# Orange Crush bottle help



## Jonnycrush (May 8, 2021)

Hello everyone new member here. Been collecting orange crush for a about a year now. Bought Michael Rosman’s book to start my knowledge. I received this amber bottle recently and I’m a bit stumped. It’s not the acl that has me asking questions but the bottle it’s self.
It’s a 6oz, fully stippled bottle that is 7 7/8 inch’s tall. The ribbing is also that not of the normal brown krinkly bottle, but resembles that of the clear krinkly bottles. It also has what appears to be 0850 on the base on the bottle. Crush experts what do I have?


----------



## hemihampton (May 8, 2021)

I'm guessing Michael Rosman should know & I think he's in here? LEON.


----------



## Newfie treasure hunter (May 8, 2021)

First of all nice bottle, second of all this is an oldie, and it is an amber crush and are very sweet finds. I do not have one currently, but my guess would be 1950s or so?


----------



## Jonnycrush (May 9, 2021)

Thanks. I not sure on the year because of the ribbing on this bottle. Its not typical for the amber crush and resembles the clear bottle pattern. I was to guess closer to the over lap period from the clear to amber, so possibly mid 40’s, but I’m not sure.


----------



## Truth1253 (May 9, 2021)

I have one it’s a beautiful bottle I assumed it was from the 50s not 100% sure but when I was a little boy I drink orange crush and I wish I was drinking it out of that brown bottle with the orange soda in it and the texture of the bottle. I love that bottle


Sent from my iPhone using Tapatalk


----------



## Canadacan (May 11, 2021)

So the front and back label are common style, it's not a squat because the label is centered. Appears to have tapered shoulders like the squat but it probably is closer to the 7oz class due to the height you describe, and yet it's marked 6oz on the base! The texture makes is an unusual example no doubt!
And the fact it has what looks to me as triple vertical flutes like the clear embossed have. 
It is like a cross over of styles...and the extra 2 dots on the back add to the mystique!


----------



## Jonnycrush (May 12, 2021)

It does have tapered shoulders, three vertical vertical flutes and it stands 1/8” taller than the 7oz class. I didn’t even notice the extra dots on the back. How old would this bottle be?


----------



## mrosman (May 12, 2021)

Hi JonnyCrush, Leon, Ivan.... yes I am here, and thanks for the 'plug' for my book... if only I had the energy to update.... Your bottle, I believe is a 'squat' bottle - perhaps a variation, but from the picture is a bit hard to tell if the front ACL is below being centered. I think it is  75/8" (please check) as described in my book, p.63, most coming out of Springfield, MA., except yours. Your bottle fits all the features I have described except the vertical ribs extending up to the tapered shoulders and ending below three horizontal rings. These vertical ribs are described in the clear 'krinkly' bottles (cf. pictures, p.38) As Ivan has stated above, he feels it is not a 'squat' bottle for several reasons. For some reasons, your bottle looks like perhaps, a hybrid, putting together a bit of the 'squat' category and a bit of the 7oz., and even some features of the clear 6oz. vertical ribs.


----------



## Canadacan (May 12, 2021)

Jonnycrush said:


> It does have tapered shoulders, three vertical vertical flutes and it stands 1/8” taller than the 7oz class. I didn’t even notice the extra dots on the back. How old would this bottle be?
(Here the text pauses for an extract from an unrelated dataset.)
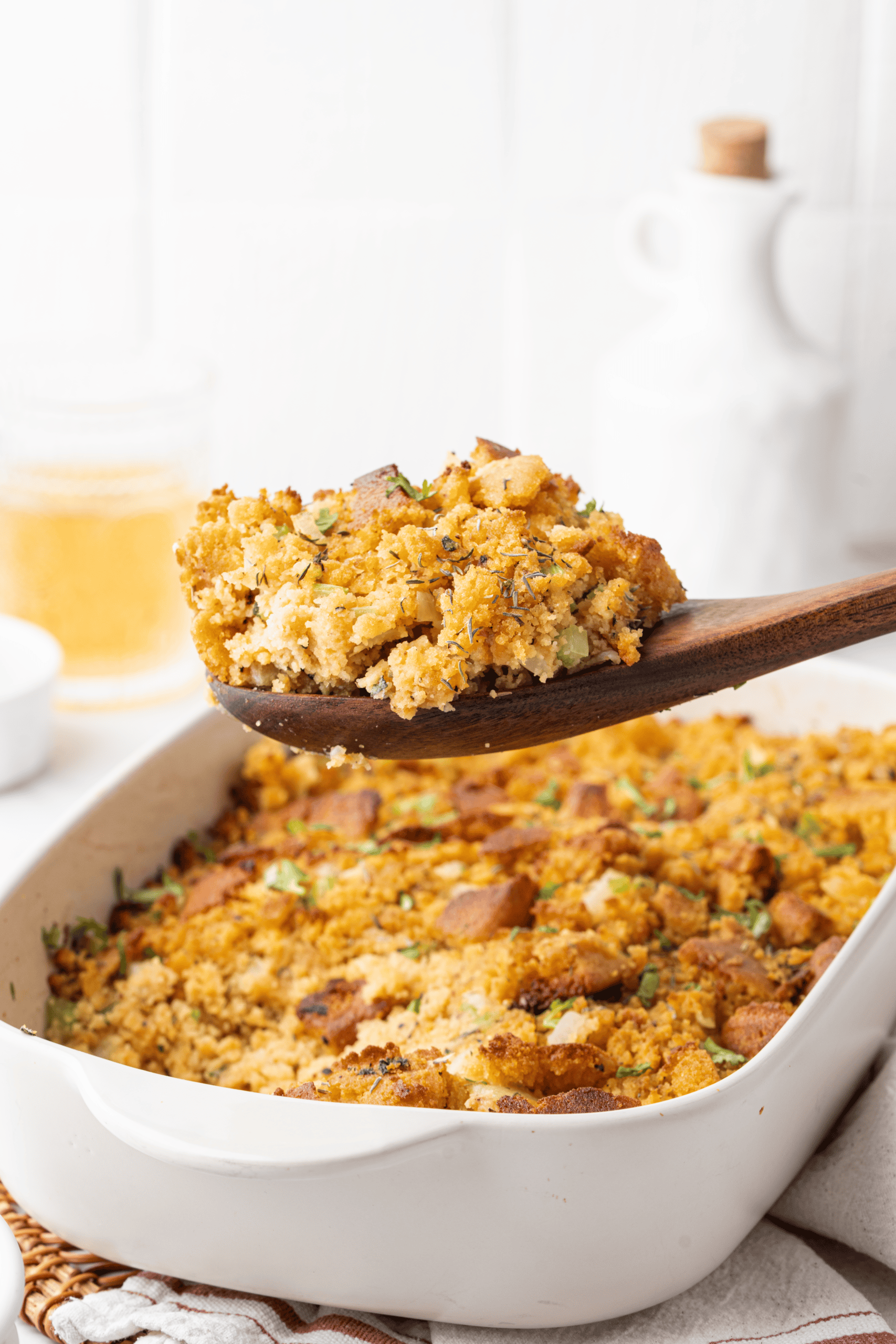 A generous spoonful of cornbread stuffing shows off the tender, crumbly center with crisp golden pieces, celery, onion, and herbs.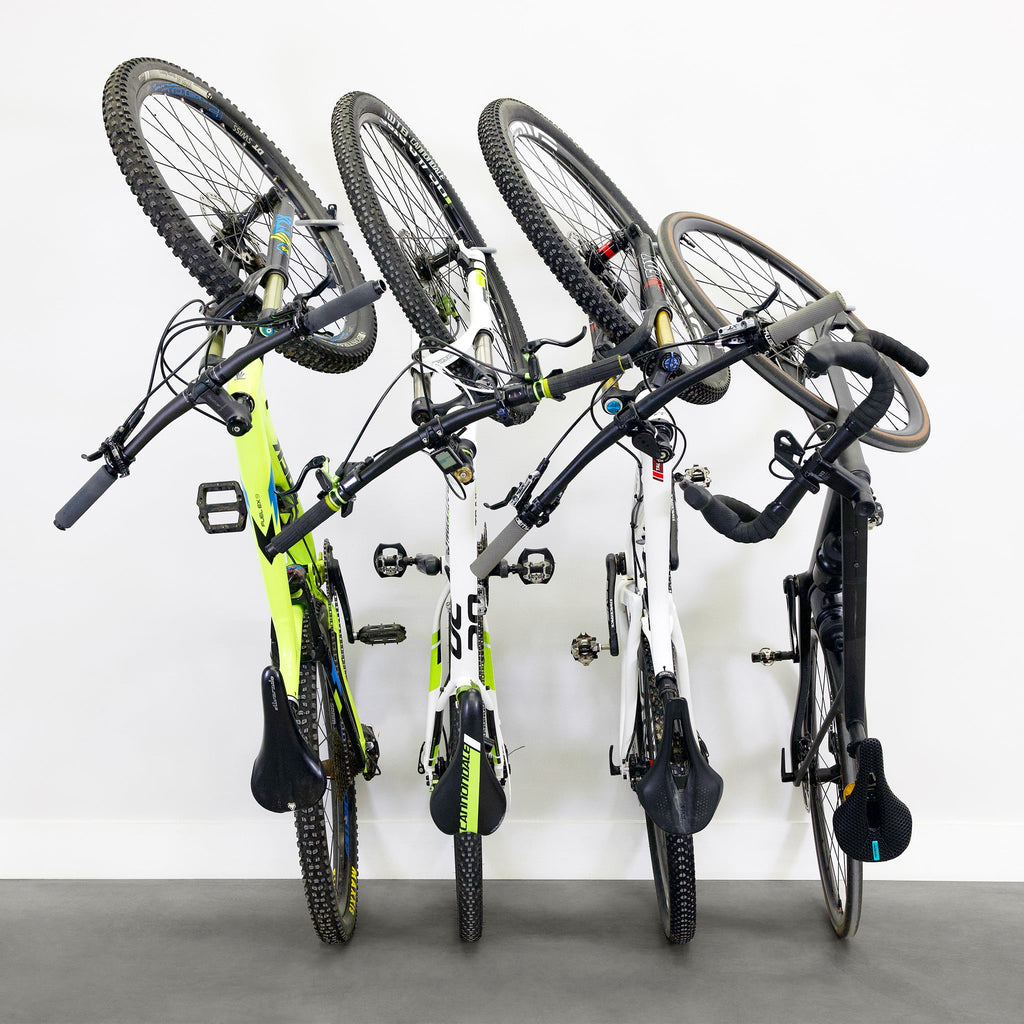 Four bikes hanging on WheelRest hooks, front view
I'm going on an assumption that that the 7 to the right is indicating 1947....based off dating other bottles, and the fact the brown ribbed was not used past 1955.


----------



## Jonnycrush (May 12, 2021)

mrosman said:


> Hi JonnyCrush, Leon, Ivan.... yes I am here, and thanks for the 'plug' for my book... if only I had the energy to update.... Your bottle, I believe is a 'squat' bottle - perhaps a variation, but from the picture is a bit hard to tell if the front ACL is below being centered. I think it is  75/8" (please check) as described in my book, p.63, most coming out of Springfield, MA., except yours. Your bottle fits all the features I have described except the vertical ribs extending up to the tapered shoulders and ending below three horizontal rings. These vertical ribs are described in the clear 'krinkly' bottles (cf. pictures, p.38) As Ivan has stated above, he feels it is not a 'squat' bottle for several reasons. For some reasons, your bottle looks like perhaps, a hybrid, putting together a bit of the 'squat' category and a bit of the 7oz., and even some features of the clear 6oz. vertical ribs.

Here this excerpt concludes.